Problem — All of the data that follows should be given again exactly, without its images.

Data extract —
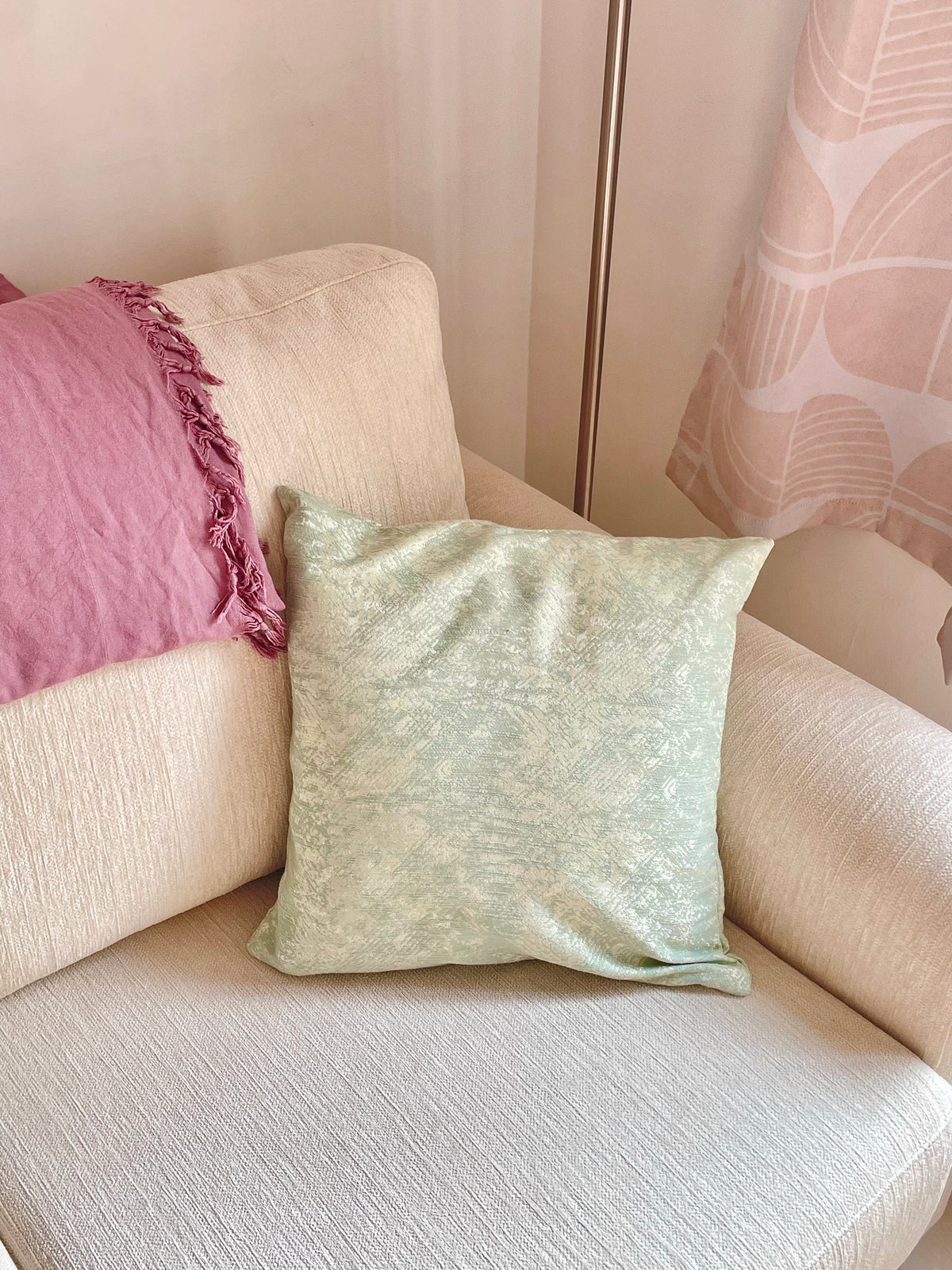 Mandarin Pearl Pillow Cover Amora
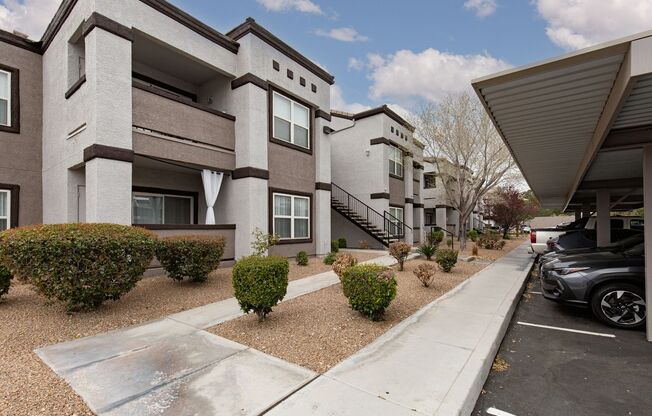 2nd floor unit in upsace SW gated community with pool/spa/exercise room and more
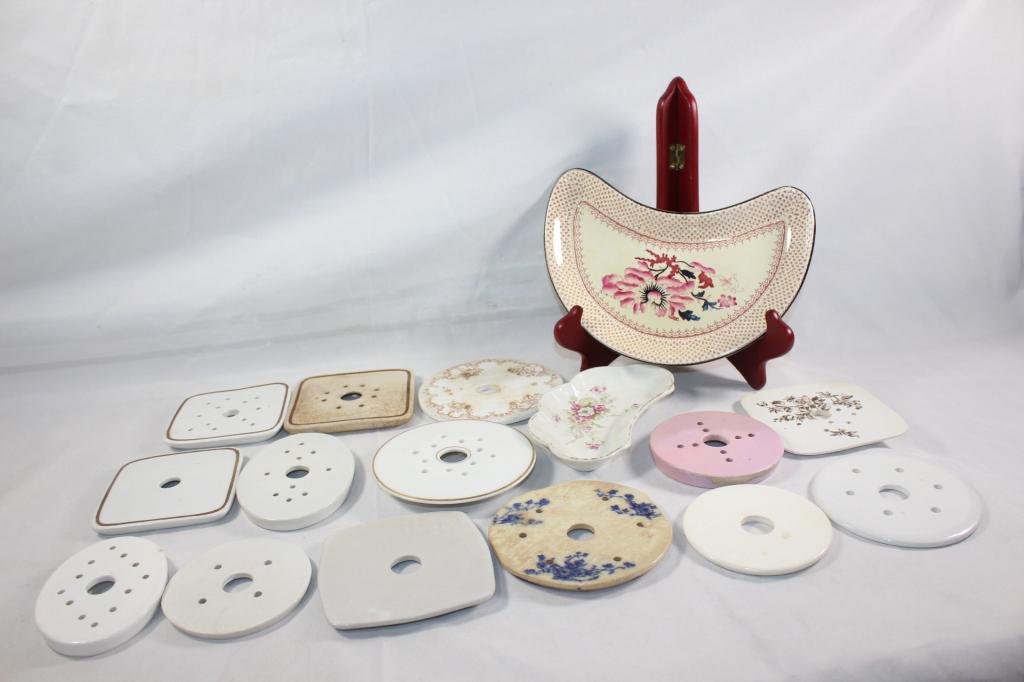 16 PC. PORCELAIN STRAINERS/ TRIVETS-FLOW BLUE ETC (1 of 8)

Response for this exercise —
 Mandarin Pearl Pillow Cover Amora
 2nd floor unit in upsace SW gated community with pool/spa/exercise room and more
 16 PC. PORCELAIN STRAINERS/ TRIVETS-FLOW BLUE ETC (1 of 8)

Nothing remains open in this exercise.